ARTIST: Healey, Jeff (Band)
ALBUM: See The Light
LABEL: Arista
SERIAL: 209 441 (LP), 259 441 (CD)
YEAR: 1988


LINEUP: Jeff Healey - vocals, guitar * Joe Rockman - bass * Tom Stephen - drums

TRACK LISTING: 01 Confidence Man * 02 My Little Girl * 03 River Of No Return * 04 Don't Let Your Chance Go By * 05 Angel Eyes * 06 Nice Problem To Have * 07 Someday, Someway * 08 I Need To Be Loved * 09 Blue Jean Blues * 10 That's What They Say * 11 Hideaway * 12 See The Light

WEBLINKS: www.jeffhealeyband.com

Jeff Healey is certainly an interesting story in the annals of rock. Born in Canada and adopted as an infant, he lost sight at the age of one due to a cancer of the eyes. He started learning to play guitar at three, developing a unique style of playing it on his lap and fretting chords and notes in an upside-down manner. He became a fixture in the Toronto music scene by his late teens. This led to his discovery, and he and bandmates Joe Rockman and Tom Stephen signed with Arista. They also received considerable exposure by appearing in the Patrick Swayze movie 'Roadhouse' as the house band in the bar.

The Songs
Healey was an avid blues and jazz fan, and this album is heavy on the blues. 'Confidence Man' (the first single) and 'My Little Girl' are your basic 12-bar blues structure. The former is a real scorcher, and you immediately get a sense of Healey's distinct sound. His unique playing style lets him hit notes and bends that you just don't hear from other guys. And he has a voice that works very well with this style of music. The album is a mix of songs penned by Healey and the band as well as other big-name contributors. 'River Of No Return' is more easy-going with a cool guitar riff. In fact, after listening to their first three albums several times the past couple of weeks, I'm reminded how many of these riffs have been stuck in my head since I got the albums over 20 years ago. 'Don't Let Your Chance Go By' is another slower tune. Remember back in the day when you'd get an album when it came out, not really hear anything from it on the radio for several months, and then a song just explodes as a hit single? 'Angel Eyes' was that song in 1989. It was the third single from the album, but it made it all the way to number 5 on the singles charts in the U.S. Great song that deserved its hit status.

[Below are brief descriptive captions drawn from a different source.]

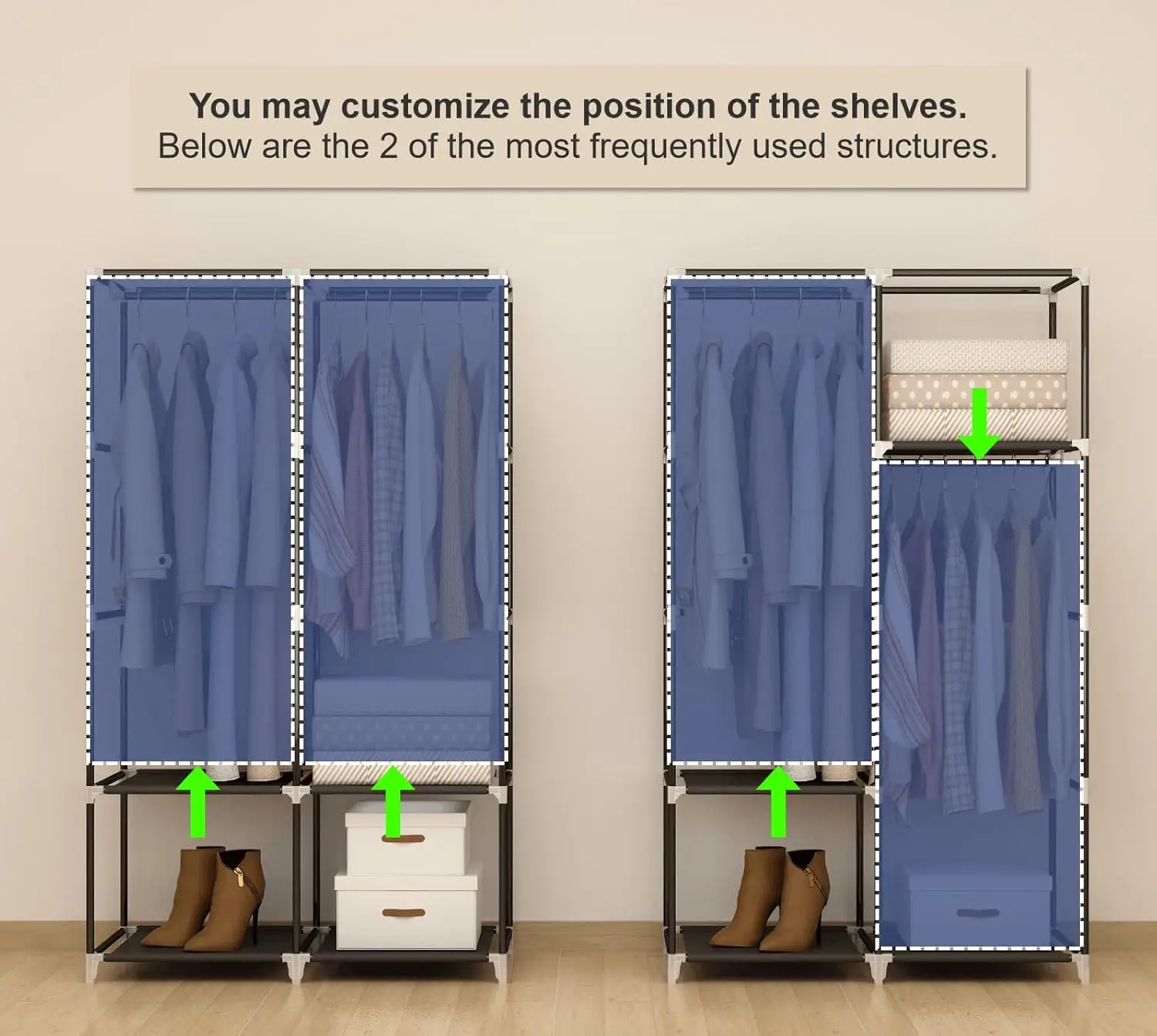 Portable Closet Wardrobe for Small Room, 35-Inch Clothing Organizer Storage Rack with 2 Clothes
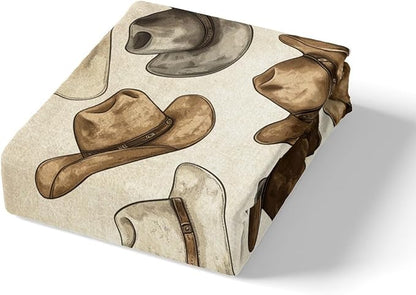 Cowboy Hats Bedding Set Full Size,Rustic Farmhouse Tribal Cowboy Fitted Sheet,Vintage Western Style Brown Beige Green Sheet Set for Kids Teens Bedroom(No Flat Sheet)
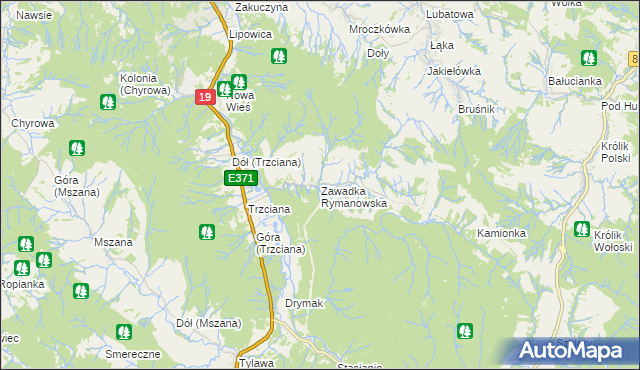 mapa Zawadka Rymanowska, Zawadka Rymanowska na mapie Targeo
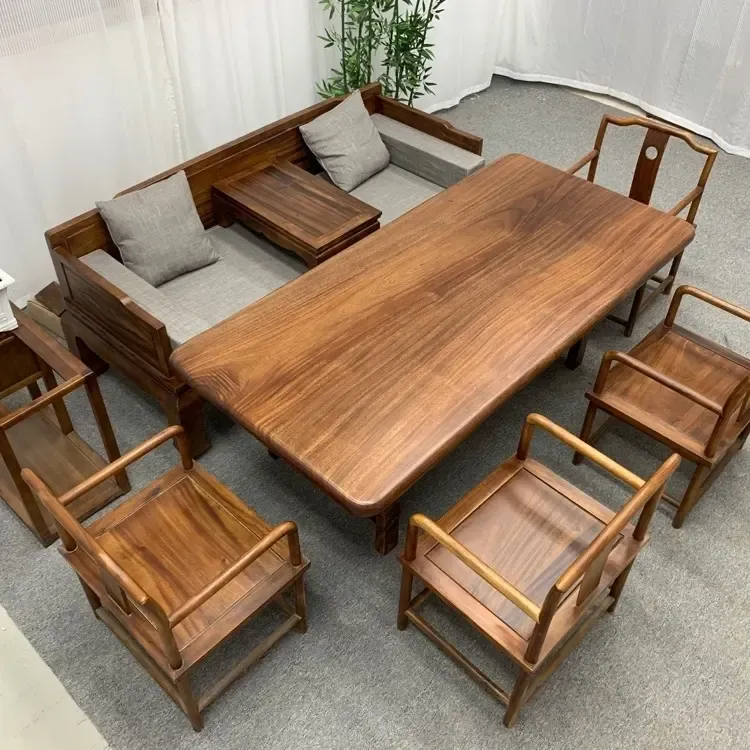 胡桃木实木大板桌适用于茶空间可作茶桌办公桌会议桌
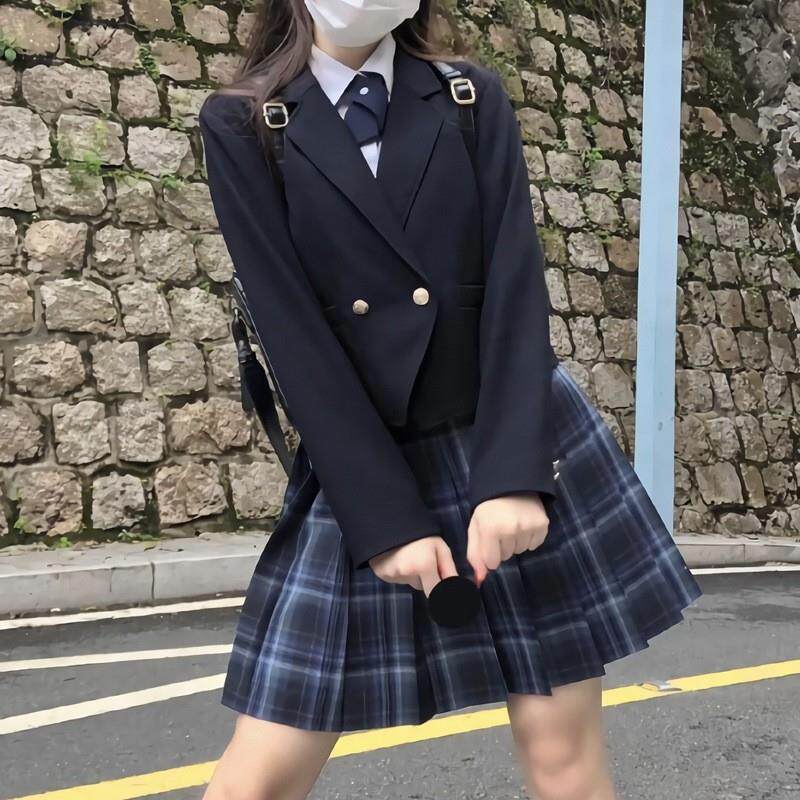 厂家直销jk制服外套一粒扣日本校服学生西服短款黑色西装上衣秋冬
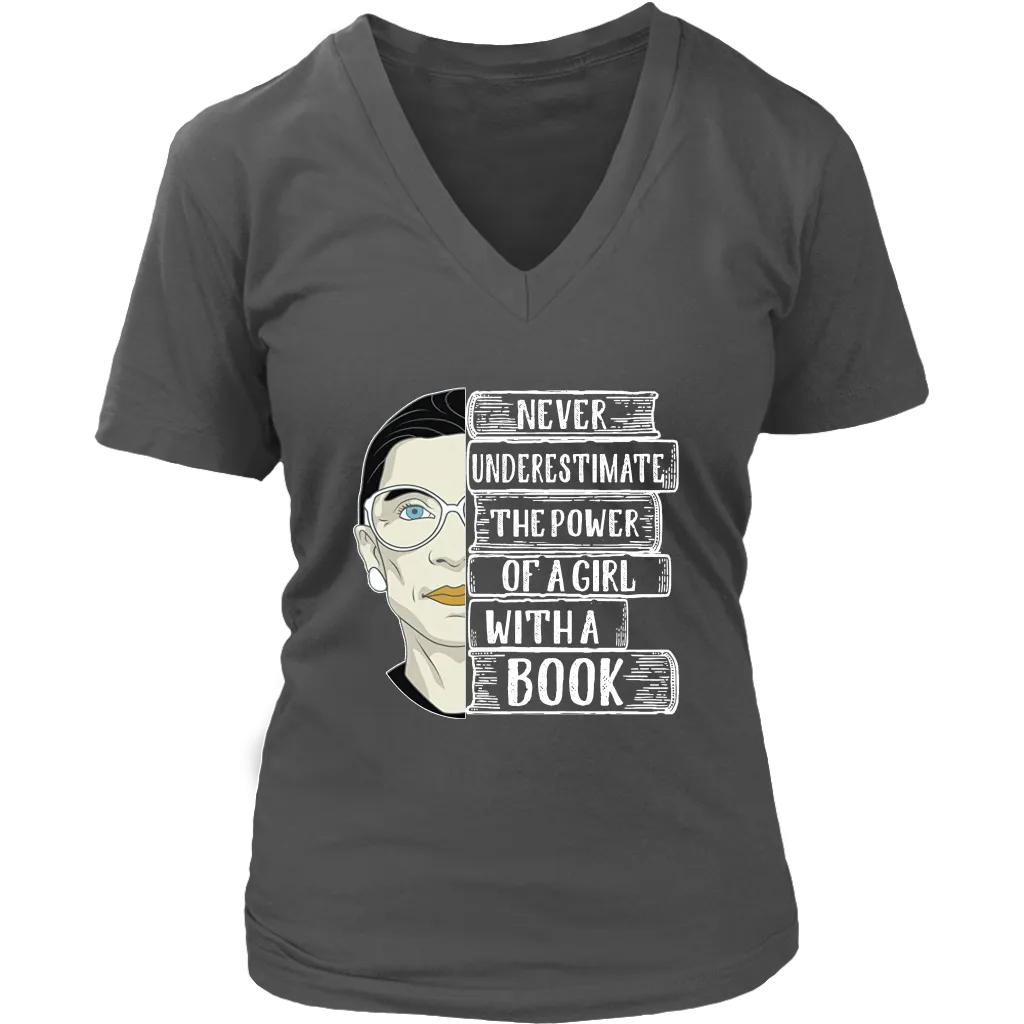 Ruth Bader  "A Girl With A Book" V-neck Tshirt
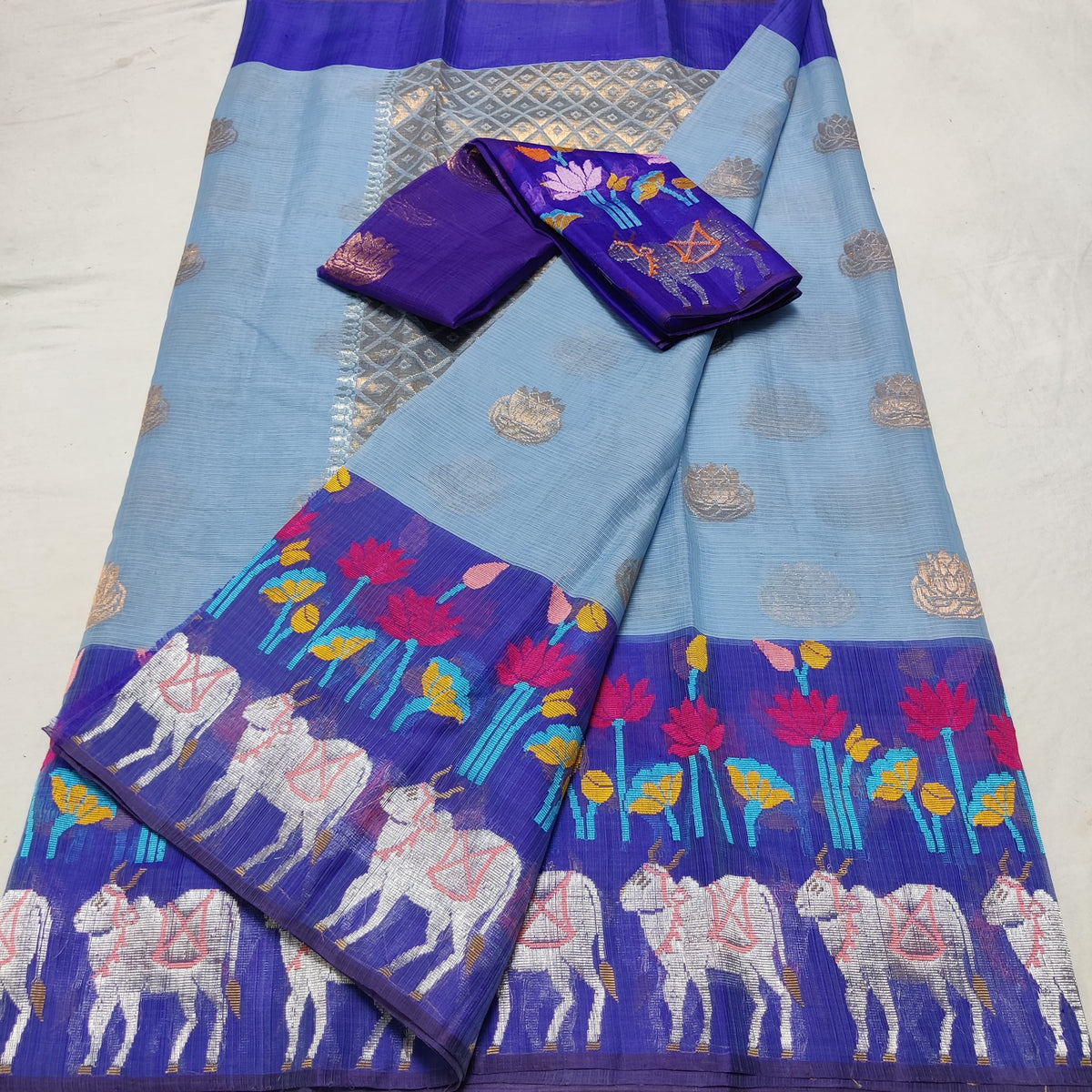 BLUE COLOUR & DARK BLUE BORDER ZARI KOTA SAREE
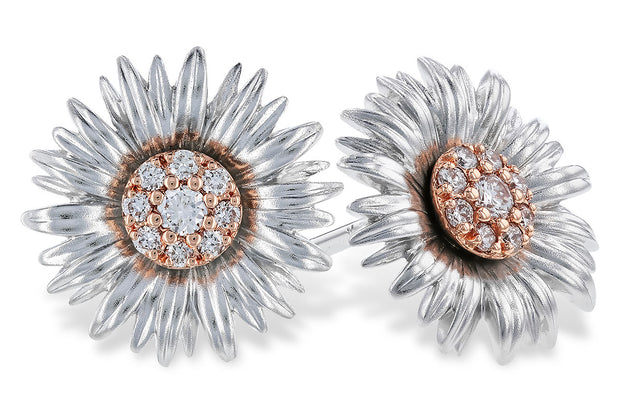 14 Karat Two-Tone White/Rose Gold Diamond Flower Stud Earrings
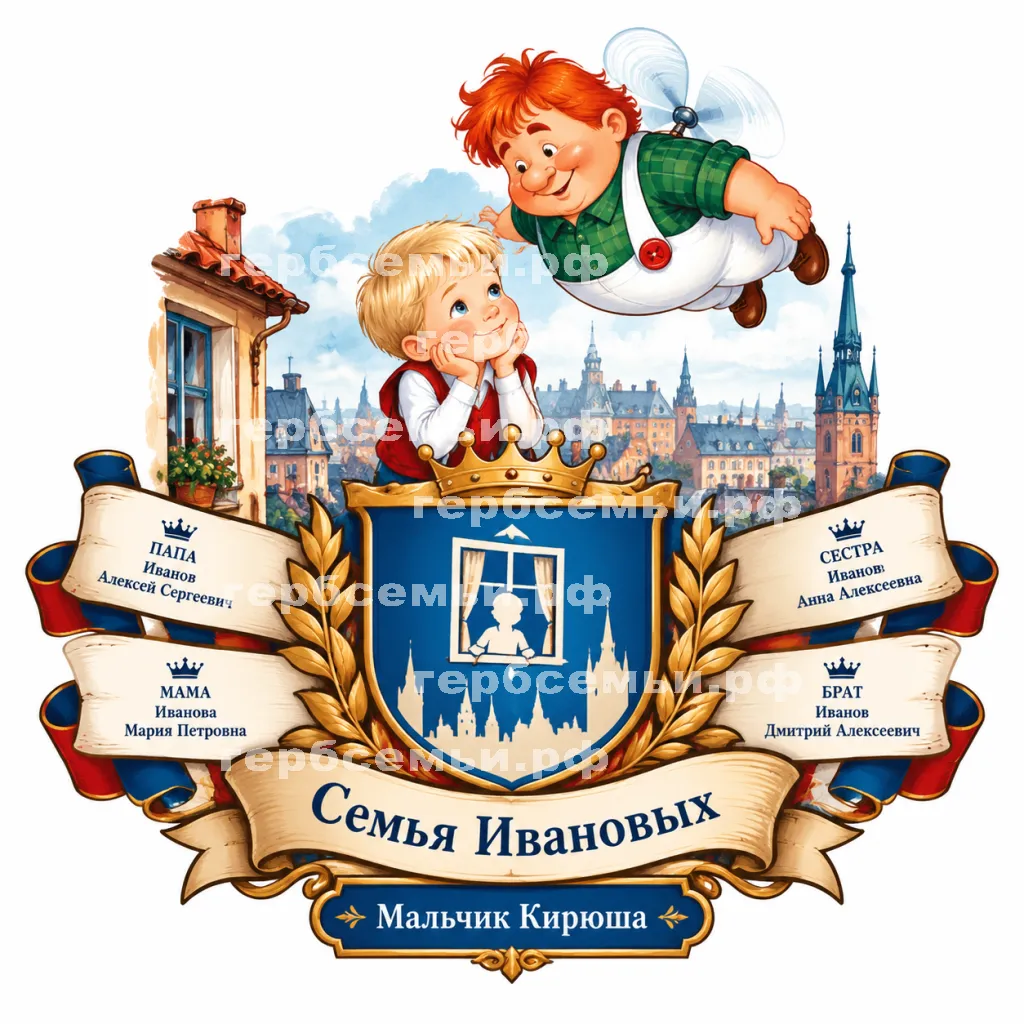 Герб семьи Создать герб на фоне сказки Астрид Лингрен малыш и карлсон. Семья малыша с именами фамилиями и настоящее имя фамилия малыша #43307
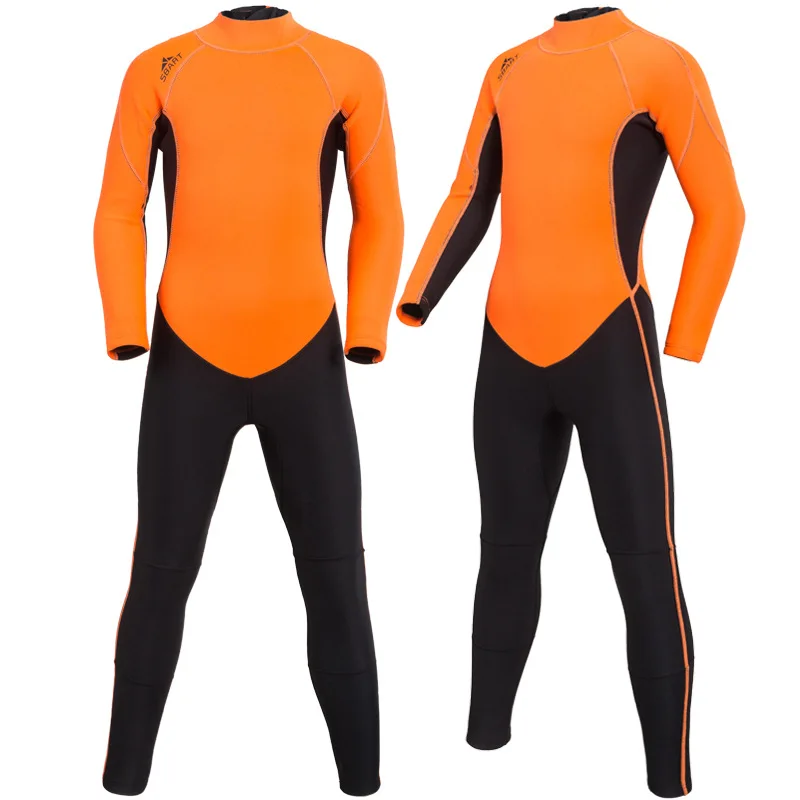 

Kids Wetsuit Full Body Warm Swimsuit for Girls Boys, 2MM Neoprene Suit Back Zipper Long Sleeve One Piece UV Protection Thermal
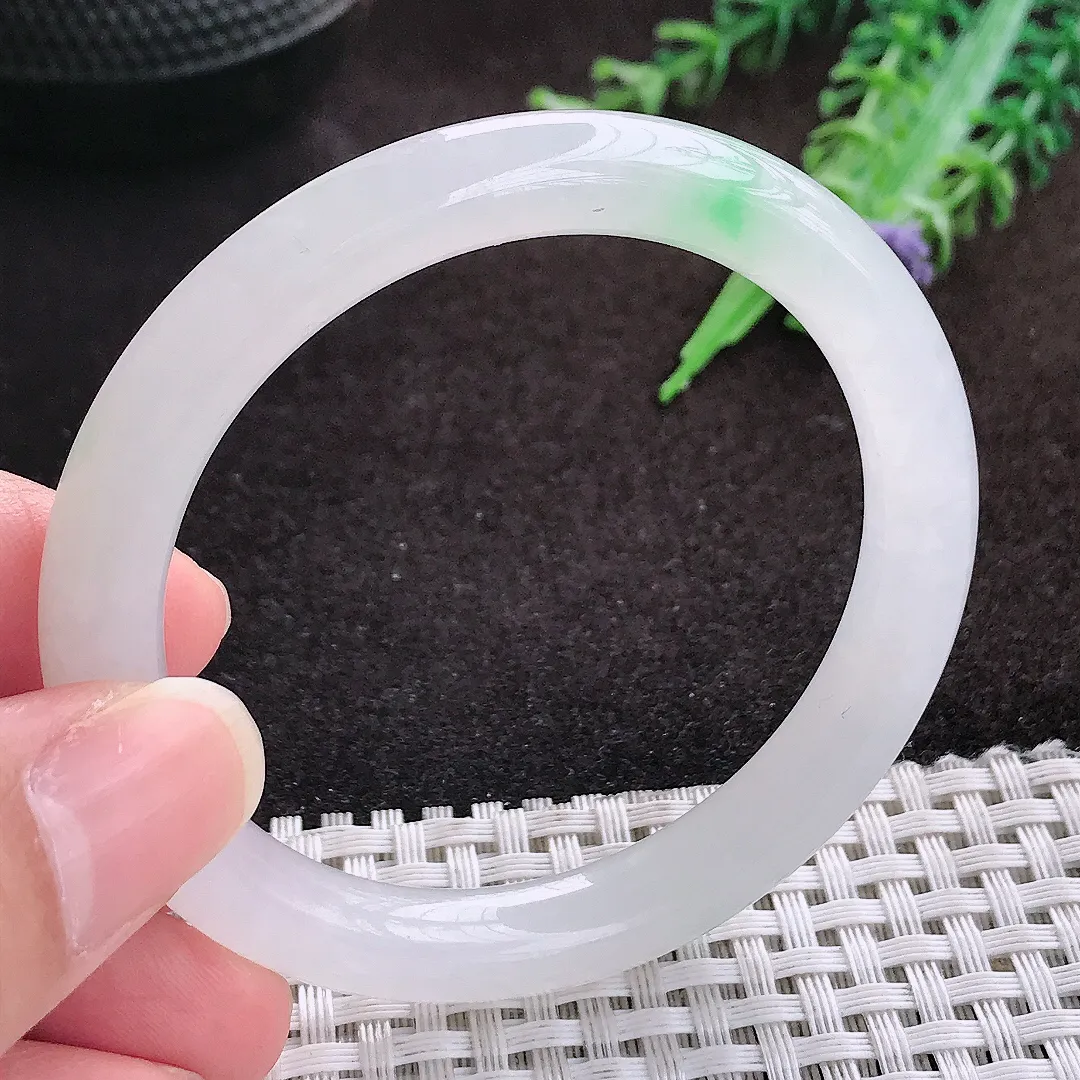 自然光51.5/8.5/8老坑冰胶果冻飘绿圆条手镯翡翠玉镯手环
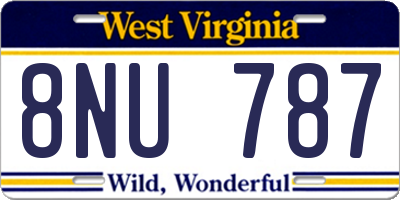WV license plate 8NU787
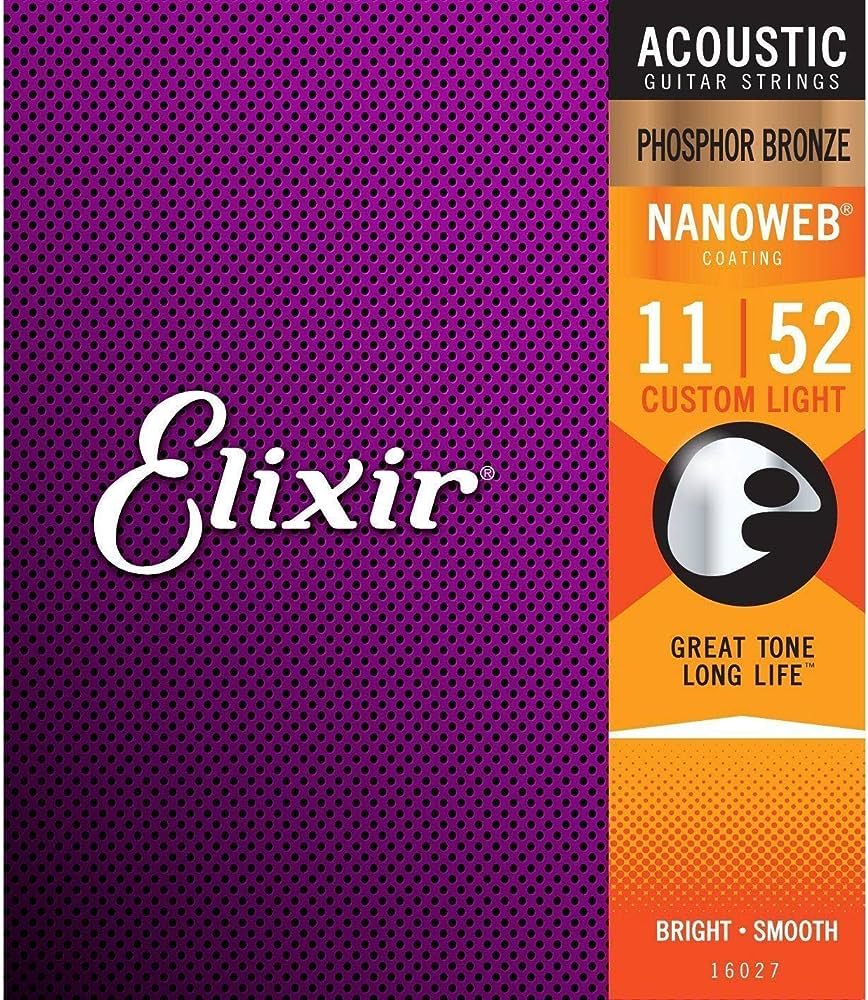 Elixir Custom Light Phosphor Bronze 11/52 Acoustic Strings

Next is the mellow 'Nice Problem To Have' which features some nice subdued playing. Nice tune, but I've always found Healey's harder stuff to be more interesting, to be honest. And his mid-tempo material can really shine too, like 'Someday, Someway' and 'I Need To Be Loved'. 'Blue Jean Blues' is the ZZ Top song from their 'Fandango' album of 1975. I've always liked 'That's What They Say', another bluesy tune that works extremely well. The band earned a Grammy nomination for the instrumental 'Hideaway', a nice standard blues song that, while nothing new, is nicely done. The album ends with the scorching title track (and second single), another 12-bar blues workout that contains more fiery fretwork.

In Summary
This album proved to be a nice contrast to the direction that the rock industry was taking in the late 80's, proving that there was still a market for this style of bluesy rock. Healey may have gotten a boost in attention by being known as the blind guitarist with the different way of playing, but he and the band did put together a nice collection of blues and rock that appealed to many. His next album moved more away from the blue sound to more of a hard rock sound.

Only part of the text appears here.